◆ Brief
The reply must contain exactly the lines below from the one with "Двустаен апартамент с" down to the one with "Photo 10 of 61 The Queensway, Barrie ON", both included, and nothing more; please omit the pictures.

----- Records to use -----

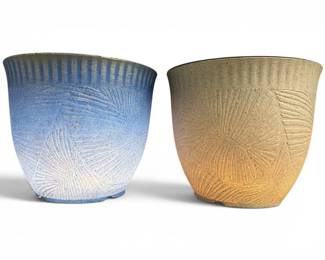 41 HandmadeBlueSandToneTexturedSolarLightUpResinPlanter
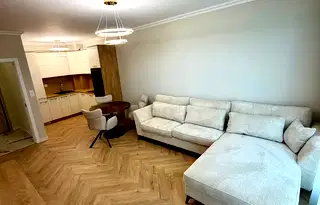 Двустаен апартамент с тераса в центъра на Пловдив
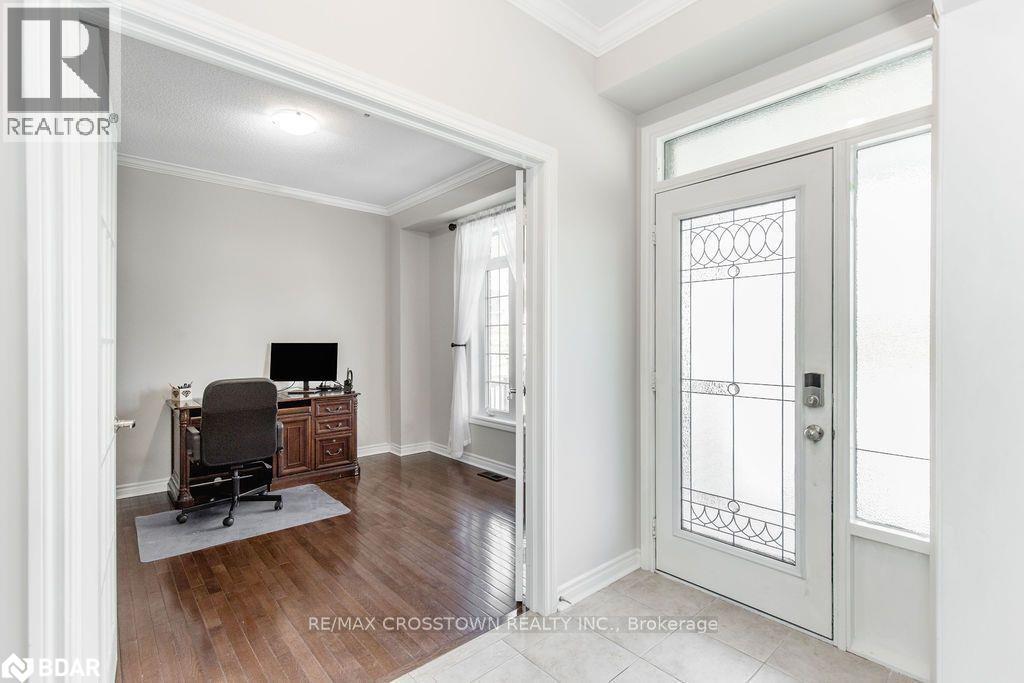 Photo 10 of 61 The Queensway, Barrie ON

-----
----- Records to use -----

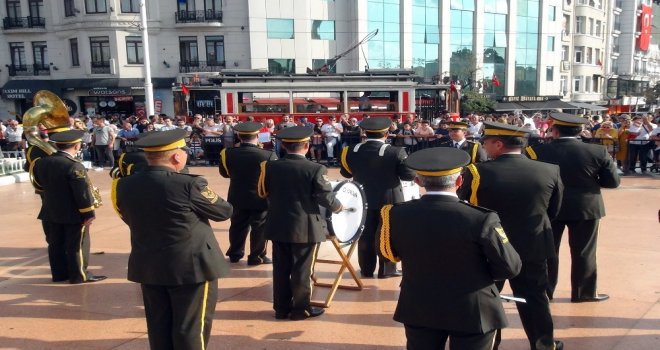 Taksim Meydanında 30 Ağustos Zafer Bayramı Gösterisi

-----
----- Records to use -----

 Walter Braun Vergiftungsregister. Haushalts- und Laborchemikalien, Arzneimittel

-----

◆ Response to the exercise
 Двустаен апартамент с тераса в центъра на Пловдив
 Photo 10 of 61 The Queensway, Barrie ON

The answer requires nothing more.